# What is needed
Once the line containing "view of yard with a shed and a covered pool" is found in the records below, return it and each following line exactly, up to and including the line containing "Built-in closet system", and nothing else.

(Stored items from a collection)
□ □ □ □ □ □ □

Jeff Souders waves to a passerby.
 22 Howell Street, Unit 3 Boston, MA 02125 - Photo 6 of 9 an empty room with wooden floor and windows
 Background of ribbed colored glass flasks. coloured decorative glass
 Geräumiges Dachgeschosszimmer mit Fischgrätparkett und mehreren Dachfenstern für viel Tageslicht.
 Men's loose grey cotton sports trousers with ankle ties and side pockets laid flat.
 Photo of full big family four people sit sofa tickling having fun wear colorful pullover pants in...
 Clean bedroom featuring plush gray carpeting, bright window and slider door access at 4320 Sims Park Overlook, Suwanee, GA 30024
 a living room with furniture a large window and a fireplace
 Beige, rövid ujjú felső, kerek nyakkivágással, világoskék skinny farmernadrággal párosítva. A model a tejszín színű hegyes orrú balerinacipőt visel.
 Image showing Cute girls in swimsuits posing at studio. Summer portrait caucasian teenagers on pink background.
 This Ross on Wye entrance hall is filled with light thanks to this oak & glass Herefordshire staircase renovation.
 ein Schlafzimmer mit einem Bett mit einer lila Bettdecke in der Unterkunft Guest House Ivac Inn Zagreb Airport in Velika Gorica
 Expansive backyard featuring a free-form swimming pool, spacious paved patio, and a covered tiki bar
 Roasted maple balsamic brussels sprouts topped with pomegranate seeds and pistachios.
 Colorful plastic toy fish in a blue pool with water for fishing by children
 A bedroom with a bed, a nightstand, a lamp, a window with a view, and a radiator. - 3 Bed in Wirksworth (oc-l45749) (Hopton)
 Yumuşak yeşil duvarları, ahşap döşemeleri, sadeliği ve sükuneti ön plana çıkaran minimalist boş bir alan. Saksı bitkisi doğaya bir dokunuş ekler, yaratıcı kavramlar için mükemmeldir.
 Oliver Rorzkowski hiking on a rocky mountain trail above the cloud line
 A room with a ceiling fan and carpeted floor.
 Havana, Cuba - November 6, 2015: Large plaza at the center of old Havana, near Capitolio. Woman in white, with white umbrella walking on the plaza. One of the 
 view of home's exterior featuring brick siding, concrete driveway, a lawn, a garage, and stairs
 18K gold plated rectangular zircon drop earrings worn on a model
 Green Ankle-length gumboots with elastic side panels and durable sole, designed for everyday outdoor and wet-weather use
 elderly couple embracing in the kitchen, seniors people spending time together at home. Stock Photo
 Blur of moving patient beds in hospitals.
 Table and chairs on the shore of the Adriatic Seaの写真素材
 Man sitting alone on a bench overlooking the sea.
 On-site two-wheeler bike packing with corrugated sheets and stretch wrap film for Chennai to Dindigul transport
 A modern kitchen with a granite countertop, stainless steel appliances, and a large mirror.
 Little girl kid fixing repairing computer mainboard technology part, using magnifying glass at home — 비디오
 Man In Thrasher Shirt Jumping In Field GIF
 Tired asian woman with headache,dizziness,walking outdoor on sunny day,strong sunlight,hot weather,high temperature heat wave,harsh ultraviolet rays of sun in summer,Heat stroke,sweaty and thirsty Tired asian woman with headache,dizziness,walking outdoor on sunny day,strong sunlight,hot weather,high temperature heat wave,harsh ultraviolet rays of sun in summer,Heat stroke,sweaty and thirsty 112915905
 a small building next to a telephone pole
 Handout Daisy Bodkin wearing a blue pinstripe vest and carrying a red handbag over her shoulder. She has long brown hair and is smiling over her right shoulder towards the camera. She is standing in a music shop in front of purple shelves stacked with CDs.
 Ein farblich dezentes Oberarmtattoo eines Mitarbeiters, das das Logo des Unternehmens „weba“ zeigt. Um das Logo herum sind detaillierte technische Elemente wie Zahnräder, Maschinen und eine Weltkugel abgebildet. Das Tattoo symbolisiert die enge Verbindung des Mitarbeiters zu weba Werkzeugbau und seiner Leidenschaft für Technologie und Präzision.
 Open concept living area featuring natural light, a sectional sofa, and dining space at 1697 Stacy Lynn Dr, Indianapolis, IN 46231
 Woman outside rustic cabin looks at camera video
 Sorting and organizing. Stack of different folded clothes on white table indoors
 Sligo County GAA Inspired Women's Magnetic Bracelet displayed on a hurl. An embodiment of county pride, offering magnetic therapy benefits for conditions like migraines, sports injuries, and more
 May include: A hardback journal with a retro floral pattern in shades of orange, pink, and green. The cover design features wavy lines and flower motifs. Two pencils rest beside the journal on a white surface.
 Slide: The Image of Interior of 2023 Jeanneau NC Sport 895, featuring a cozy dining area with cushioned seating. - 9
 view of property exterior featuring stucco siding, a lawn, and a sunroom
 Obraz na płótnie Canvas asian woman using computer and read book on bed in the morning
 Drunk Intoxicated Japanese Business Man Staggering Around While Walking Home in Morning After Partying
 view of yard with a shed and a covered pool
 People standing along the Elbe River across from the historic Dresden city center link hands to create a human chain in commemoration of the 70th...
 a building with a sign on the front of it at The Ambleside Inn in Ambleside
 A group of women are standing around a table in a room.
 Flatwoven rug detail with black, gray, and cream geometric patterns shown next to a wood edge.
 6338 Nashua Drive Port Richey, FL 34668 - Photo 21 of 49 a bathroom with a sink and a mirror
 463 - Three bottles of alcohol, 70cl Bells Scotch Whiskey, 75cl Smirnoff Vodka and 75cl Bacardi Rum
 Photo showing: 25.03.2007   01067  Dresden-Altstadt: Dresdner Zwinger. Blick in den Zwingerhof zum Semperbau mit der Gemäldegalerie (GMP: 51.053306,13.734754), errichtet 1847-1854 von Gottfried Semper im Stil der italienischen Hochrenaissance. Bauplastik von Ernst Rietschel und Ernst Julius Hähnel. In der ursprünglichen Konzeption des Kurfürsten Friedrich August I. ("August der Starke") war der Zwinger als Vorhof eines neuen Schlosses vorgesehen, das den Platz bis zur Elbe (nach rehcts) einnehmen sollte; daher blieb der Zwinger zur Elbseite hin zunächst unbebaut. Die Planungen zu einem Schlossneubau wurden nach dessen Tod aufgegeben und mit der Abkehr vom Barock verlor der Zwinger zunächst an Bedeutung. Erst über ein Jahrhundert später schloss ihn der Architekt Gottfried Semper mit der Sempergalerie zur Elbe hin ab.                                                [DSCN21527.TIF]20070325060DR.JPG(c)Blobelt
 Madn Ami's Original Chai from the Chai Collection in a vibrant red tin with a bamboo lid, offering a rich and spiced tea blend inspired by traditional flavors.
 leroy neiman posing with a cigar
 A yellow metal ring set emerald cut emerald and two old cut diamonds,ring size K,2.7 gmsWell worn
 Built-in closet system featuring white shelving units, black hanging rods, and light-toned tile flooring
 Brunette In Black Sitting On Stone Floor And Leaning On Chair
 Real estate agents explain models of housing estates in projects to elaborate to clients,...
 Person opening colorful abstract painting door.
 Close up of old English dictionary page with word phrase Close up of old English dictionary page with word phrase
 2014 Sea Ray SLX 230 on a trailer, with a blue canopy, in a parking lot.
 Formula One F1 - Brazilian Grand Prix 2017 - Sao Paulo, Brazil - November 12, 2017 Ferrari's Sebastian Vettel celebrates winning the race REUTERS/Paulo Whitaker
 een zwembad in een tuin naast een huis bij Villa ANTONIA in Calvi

□ □ □ □ □ □ □

# Response
 view of yard with a shed and a covered pool
 People standing along the Elbe River across from the historic Dresden city center link hands to create a human chain in commemoration of the 70th...
 a building with a sign on the front of it at The Ambleside Inn in Ambleside
 A group of women are standing around a table in a room.
 Flatwoven rug detail with black, gray, and cream geometric patterns shown next to a wood edge.
 6338 Nashua Drive Port Richey, FL 34668 - Photo 21 of 49 a bathroom with a sink and a mirror
 463 - Three bottles of alcohol, 70cl Bells Scotch Whiskey, 75cl Smirnoff Vodka and 75cl Bacardi Rum
 Photo showing: 25.03.2007   01067  Dresden-Altstadt: Dresdner Zwinger. Blick in den Zwingerhof zum Semperbau mit der Gemäldegalerie (GMP: 51.053306,13.734754), errichtet 1847-1854 von Gottfried Semper im Stil der italienischen Hochrenaissance. Bauplastik von Ernst Rietschel und Ernst Julius Hähnel. In der ursprünglichen Konzeption des Kurfürsten Friedrich August I. ("August der Starke") war der Zwinger als Vorhof eines neuen Schlosses vorgesehen, das den Platz bis zur Elbe (nach rehcts) einnehmen sollte; daher blieb der Zwinger zur Elbseite hin zunächst unbebaut. Die Planungen zu einem Schlossneubau wurden nach dessen Tod aufgegeben und mit der Abkehr vom Barock verlor der Zwinger zunächst an Bedeutung. Erst über ein Jahrhundert später schloss ihn der Architekt Gottfried Semper mit der Sempergalerie zur Elbe hin ab.                                                [DSCN21527.TIF]20070325060DR.JPG(c)Blobelt
 Madn Ami's Original Chai from the Chai Collection in a vibrant red tin with a bamboo lid, offering a rich and spiced tea blend inspired by traditional flavors.
 leroy neiman posing with a cigar
 A yellow metal ring set emerald cut emerald and two old cut diamonds,ring size K,2.7 gmsWell worn
 Built-in closet system featuring white shelving units, black hanging rods, and light-toned tile flooring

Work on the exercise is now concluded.